Sedangkan pria itu, yang usianya mendekati lima puluh tahun akan tetapi tubuhnya yang tinggi besar itu nampak tegap kuat dan menyeramkan. Pakaiannya berbeda dengan pakaian orang-orang yang berada di luar pondok, agak lebih rapi dan bersih, dan di pinggangnya tergantung sebatang golok besar. Agaknya pria ini setengah mabuk karena tangan kirinya masih membawa sebuah guci arak yang tinggal sedikit isinya, sepasang matanya yang lebar agak kemerahan dan diapun memandang kepada dara itu dengan alis berkerut dan sikap marah.

"Leng-ji, lupakah engkau dengan siapa kau berhadapan?" terdengar laki-laki itu membentak marah, suaranya parau dan lantang.

"Aku berhadapan dengan ayah," jawab dara itu, sikapnya tetap menentang.

"Hemm, kau masih ingat aku ayahmu, dan bukan itu saja, bahkan aku juga gurumu! Dan sekarang kau berani menentangku?"

"Ayah, ingatlah akan apa yang ayah katakan dan janjikan kepadaku! Ayah melakukan kekacauan di dusun itu, lalu menawan wanita-wanita itu hanya sebagai memenuhi tugas ayah sebagai anggauta Jeng-hwa-pang saja untuk memancing keluar Pendekar Lembah Naga. Bukankah begitu? Akan tetapi di dusun itu ayah telah melakukan pembunuhan-pembunuhan..."

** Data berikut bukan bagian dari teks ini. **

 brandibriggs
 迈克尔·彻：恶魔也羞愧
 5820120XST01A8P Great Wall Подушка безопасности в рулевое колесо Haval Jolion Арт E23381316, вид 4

"Bukan aku yang melakukannya!"

"Benar, anak buah ayah, akan tetapi mengapa ayah tidak melarang mereka? Kemudian penawanan lima orang wanita ini yang ayah katakan sebagai memancing pendekar itu keluar dari istananya, akan tetapi mengapa sekarang ayah... ayah hendak... melakukan kekejian...?"

"Ah, kau anak kecil tahu apa! Kau keluarlah dan tinggalkan aku bersama mereka!"

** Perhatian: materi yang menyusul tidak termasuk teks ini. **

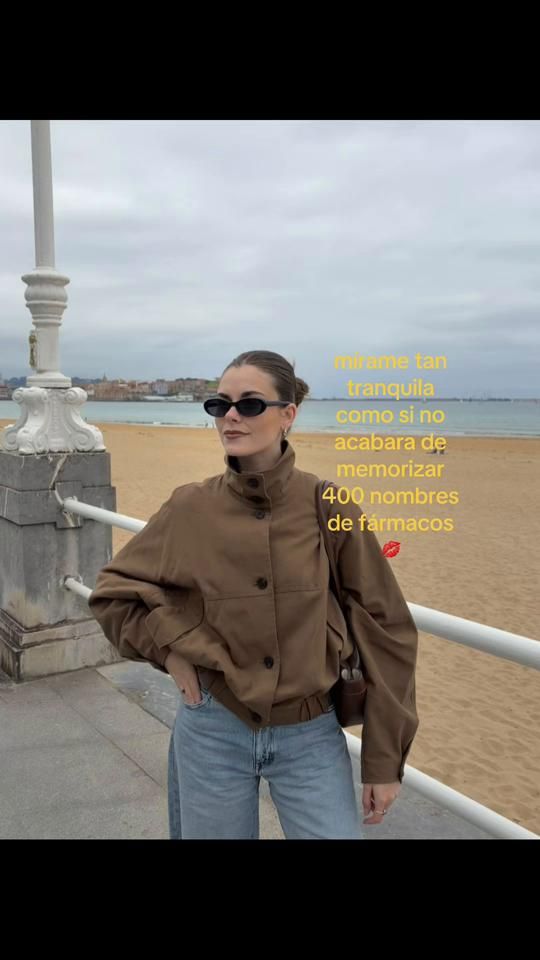 TikTok video thumbnail by rorro.cio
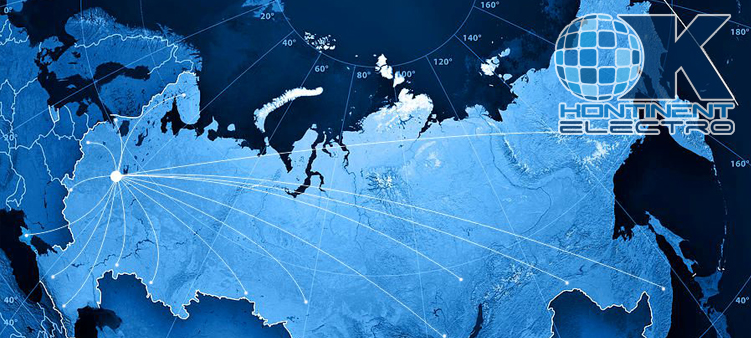 Construction HTML Template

Akan tetapi dara itu dengan sikap tegas menggeleng kepalanya dan matanya memancarkan sinar penuh kemarahan.

"Tidak! Aku adalah seorang wanita, dan merekapun wanita! Kalau mereka dihina di depanku, sama saja dengan aku yang terhina. Aku akan melindungi mereka dari gangguan siapapun juga, ayah. Kalau perlu aku rela mengorbankan nyawaku. Yang kubela bukanlah perorangan, melainkan kehormatan wanita!"

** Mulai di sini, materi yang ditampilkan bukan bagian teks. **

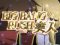 BIG BANG RUSH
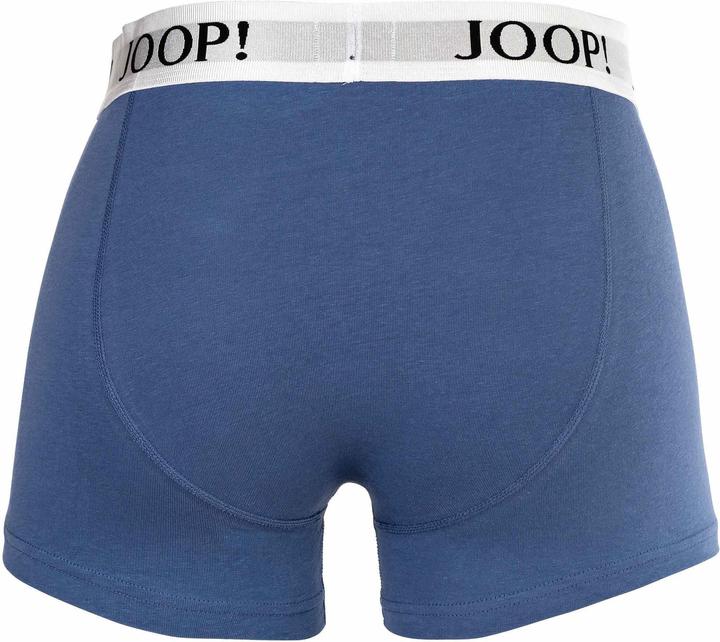Immagine prodotto Joop! Everyday (M, confezione da 3)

"Ehh...? Kau berani...? Leng-ji, sudahlah. Aku tidak mau membiarkan hatiku marah kepadamu. Biarlah aku mengalah, kau berikan seorang saja diantara mereka kepadaku, yang mana saja."

"Jangan, ayah. Pula, mengapa ayah menjadi begini? Mengapa Ayah mau melakukan hal yang jahat itu?" Di dalam suara dara itu terkandung isak dan kedukaan.

"Hemm, kau anak tolol. Semenjak ibumu tiada, aku menderita. Berikanlah seorang saja diantara mereka untuk menghibur hati ayahmu yang kesepian ini."

"Tidak akan kuberikan kepada siapapun juga selama aku masih hidup dan berada di sini!"

"Apa? Kau berani menentang ayahmu, gurumu?"

"Apa boleh buat! Biar ayah, atau guru, kalau tidak benar, harus ditentang!"

Ucapan ini terdengar gagah sekali dan membikin kagum dua orang muda yang berada di atas pondok sehingga mereka tertarik dan menjadi lengah.

Tiba-tiba terdengar teriakan-teriakan di bawah pondok.
"Mata-mata di atas pondok!"

"Musuh datang...!"

"Kepung! Tangkap!"

Han Tiong dan Thian Sin terkejut sekali dan ketika mereka memutar tubuh dan memandang, ternyata pondok itu telah terkepung oleh kurang lebih dua puluh orang, bahkan tak lama kemudian kepala perampok yang tadinya ribut-ribut mulut dengan gadisnya itupun sudah berada di luar pondok dan memandang ke atas.

"Sin-te, kita ketahuan. Mari hajar mereka, akan tetapi jangan kau menurunkan tangan kejam, jangan membunuh orang."

"Baik, Tiong-ko!"

Baru saja menjawab demikian, tubuh Thian Sin sudah melayang turun ke bawah, tepat di tengah-tengah gerombolan itu dan pemuda inipun mulai mengamuk dengan hebatnya.